Cumberland County teachers on their way to Halifax

To participate in massive rally at Province House


Published on February 17, 2017

AMHERST, N.S. – A group of Cumberland County teachers are on their way to Halifax to participate in a massive demonstration against the provincial government.

Two busloads, carrying approximately 125 teachers, left the Amherst Centre Mall parking lot to participate in the rally that will include teachers from across Nova Scotia.

When you walk away from your job every day with the feeling you couldn’t do this, this and this, it’s a feeling that’s so discouraging and so hard on your mental wellness. Teachers are feeling the pressure of dropping balls every day. The system has been broken for every year and is now in a position of crisis, Wade VanSnick, Cumberland NSTU president

Another 125 or so teachers are expected to rally between noon and 3 p.m. today at the Knights of Columbus Hall on Robie Street in Amherst.

The teachers are participating in a one-day strike as the provincial government forces through legislation that will impose a contract on them after teachers rejected the last proposed contract just over a week ago.

“Today is a very sad day because we’re being told what we’re going to do and how we’re going to do it by this government which has no idea what’s going on in schools today. They think they’re the experts but they really don’t know what teachers are facing and what students are facing as well,” Cumberland NSTU Local president Wade VanSnick said.
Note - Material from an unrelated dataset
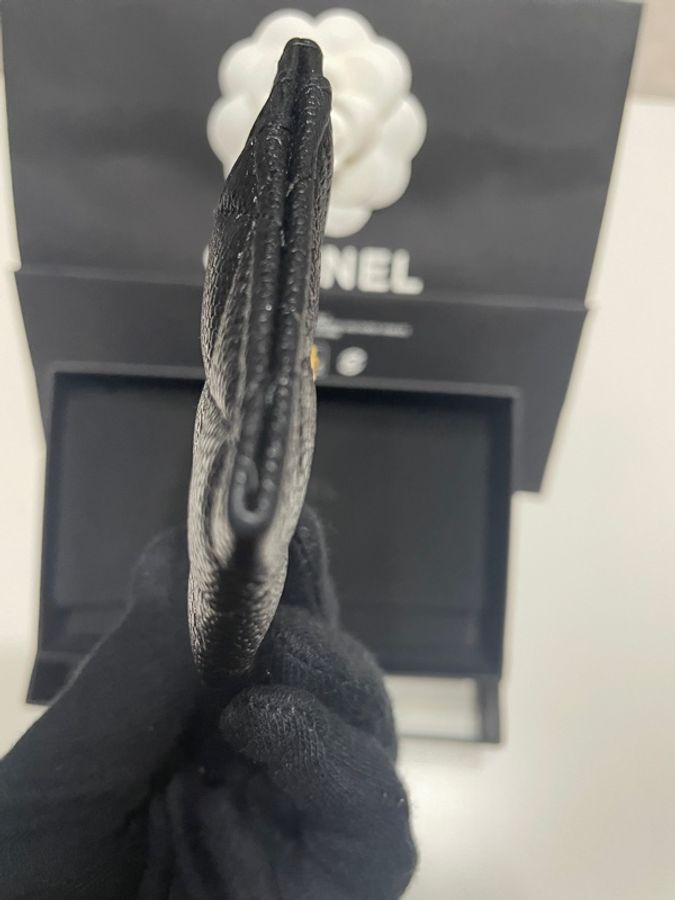 Chanel 經典款boy黑色荔枝牛皮金扣卡片夾-10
VanSnick said teachers are rallying because government is taking away their collective rights. He said teachers have tried to bargain in good faith and for government to impose a contract is probably the most drastic thing it could do.

The local president said teachers in Cumberland County are unified. He said his membership is mystified by comments from both Premier Stephen McNeil and Cumberland North MLA that the classroom is suffering because of work-to-rule.

“Nothing could be further from the truth,” he said. “I was really disheartened by the fact that every time that was stated in the media, no one challenged the question by asking ‘Tell me, how were classrooms suffering’ because classrooms were actually far better off during work-to-rule than they’ve been the last number of years.”

Teachers, he said, found work-to-rule hard at first but after a few weeks they realized conditions were much better and they had more time to plan good lessons and teach without having 101 other balls in the air that they have to do at the same time.

While government has indicated the cost of giving teachers what they want is not possible, VanSnick said it can’t afford not to make the changes because the system is broken and children are the ones suffering.

“When you walk away from your job every day with the feeling you couldn’t do this, this and this, it’s a feeling that’s so discouraging and so hard on your mental wellness,” he said. “Teachers are feeling the pressure of dropping balls every day. The system has been broken for every year and is now in a position of crisis.”